可以看出,他自改名号,为的是“困知勉行,无失词臣之体面”,并能“以文章报国”。这是二十岁时改号的志向。而十年过去,他仍在自省,惕励自己,以远志自勉。三十一岁时,他在致诸弟书中说:“吾辈读书,只有两事,一者进德之事,讲求乎诚正修齐之道,以图无忝所生。一者修业之事,操习乎记诵辞章之术,以图自卫其身。”进德修业,为的是什么?不外乎上为君上分忧,下为百姓安境,中为己身大展鸿抱,以伸大志而已。

如果说曾国藩的第一次改名是自省自励、修身自奋、求志以伸的话,那么他的第二次改名,就更加明明白白地表明了自己高远的壮志和内心的期许:要做国之藩篱!不过,据说这个名字并非他自己改的,而是他的座师穆彰阿帮他改的。正好合他“澄清海内、藩卫国家”之志,于是欣然从命,从此便改为国藩了。

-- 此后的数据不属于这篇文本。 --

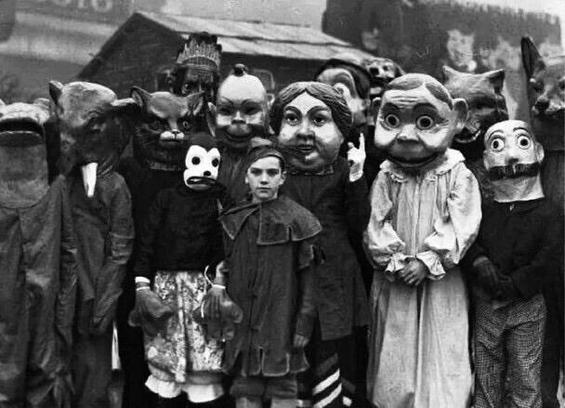 numerous costumed figures, many with oversized heads
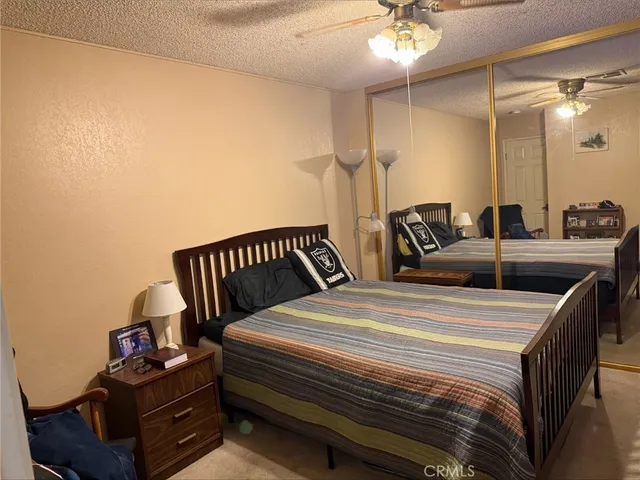 a bedroom with bed and a chandelier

据史料记载,道光十八年,二十八岁的曾国藩在会试中第三十八名贡士,不久后又在殿试中三甲第四十二名,赐为“同进士”;朝考列第一等第三名(道光帝拔置第二名),授翰林院庶吉士。而当时的主考官,正是当时的朝廷重臣穆彰阿。

穆彰阿,字子朴,号鹤舫,满洲镶蓝旗人。嘉庆十年(1805)进士。历任内务府大臣、步军统领、兵部尚书、吏部尚书、武英殿大学士、军机大臣等职,一时权倾内外。同时他也是个极爱才的人,最喜欢招揽人才到自己的门下。《清史稿》记载他“自嘉庆以来,典乡试三,典会试五。凡复试、殿试、朝考、教习庶吉士散馆考差、大考翰詹,无岁不与衡文之役。国史、玉牒、实录诸馆,皆为总裁。门生故吏遍于中外,知名之士多被援引,一时号曰‘穆党’”。所以一见到有才华的曾国藩,穆彰阿自然有意延揽。

据史料记载,主考官穆彰阿一见曾国藩的文章就非常喜欢,当即给曾国藩一个第三名。名单呈给道光时,穆彰阿又特地将曾国藩大为赞赏一番,道光皇帝一边听穆彰阿吹捧,一边粗看了一下曾国藩的文章,颇觉有意思,就用朱笔画成了第二名。

曾国藩就这样顺利地入了仕途,他十分感激这位主考官的知遇之恩,当晚就去拜见恩师。穆彰阿接见曾国藩时很是热情,他先是大加夸奖一番,然后从古之立大事者不光靠的是天分说起,勉励曾国藩要一生勤于治学,不可懈怠,日后定会大有作为。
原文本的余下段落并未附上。